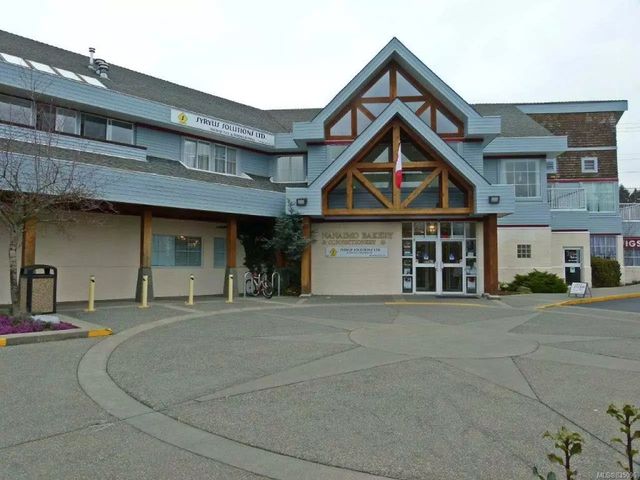5 of 37 - 2025 Bowen Rd, Nanaimo, BC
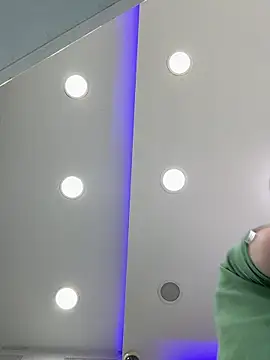 Snapshot of gayfucuxuc chatting on September 19, 2025, 9:57 am gayfucuxuc online show from September 19, 2025, 9:57 am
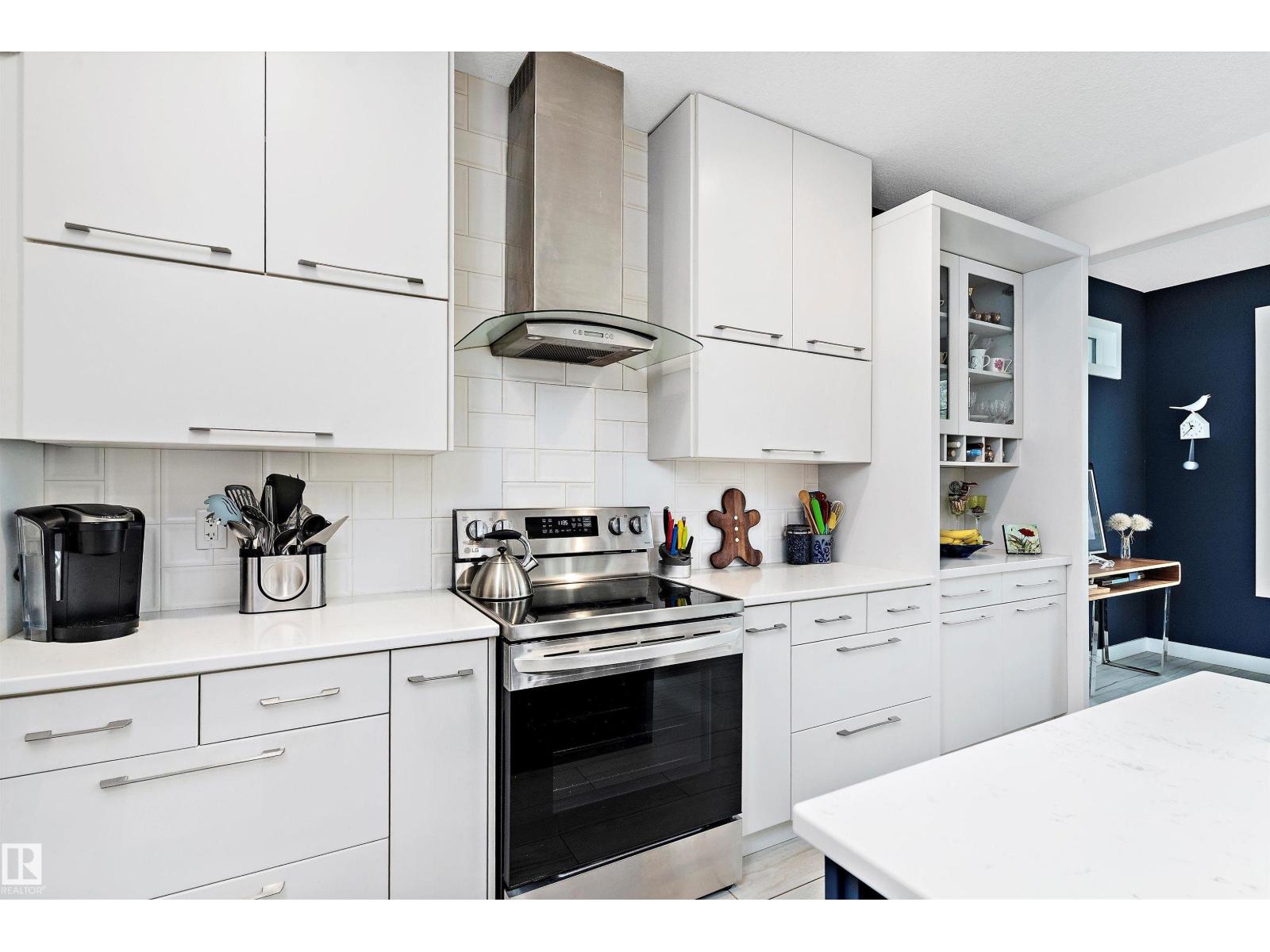 1756 TANAGER CL NW, Edmonton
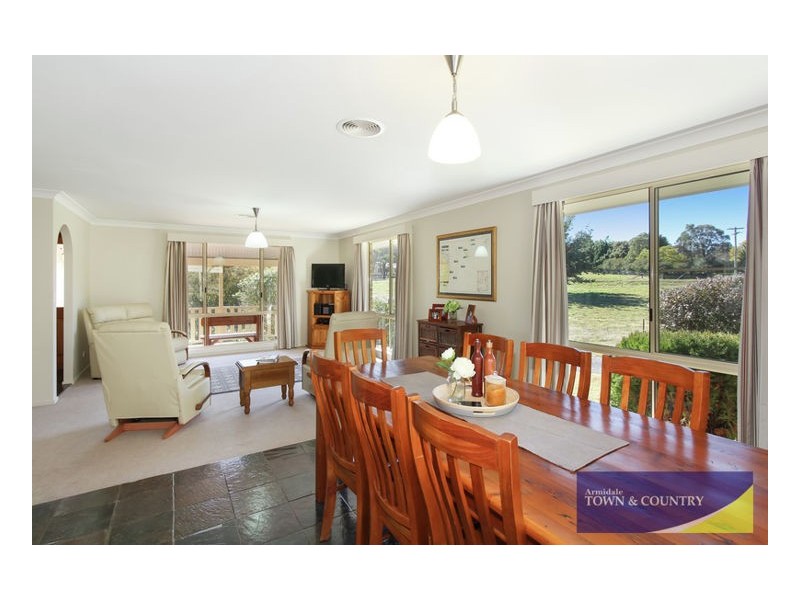 4 Westview Road, Armidale NSW 2350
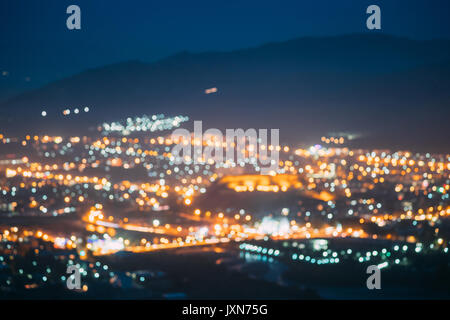 Gori, Shida Kartli Region, Georgia. Absract verschwommen Bokeh architektonischen urbane Kulisse. Echten verschwommen Bunt Bokeh Hintergrund mit Defokussierten leuchtet Stockfoto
--------
> YOUR ASSIGNMENT: The listing above must be repeated exactly, apart from the pictures.

> SOLVED EXERCISE:
5 of 37 - 2025 Bowen Rd, Nanaimo, BC
 Snapshot of gayfucuxuc chatting on September 19, 2025, 9:57 am gayfucuxuc online show from September 19, 2025, 9:57 am
 1756 TANAGER CL NW, Edmonton
 4 Westview Road, Armidale NSW 2350
 Gori, Shida Kartli Region, Georgia. Absract verschwommen Bokeh architektonischen urbane Kulisse. Echten verschwommen Bunt Bokeh Hintergrund mit Defokussierten leuchtet Stockfoto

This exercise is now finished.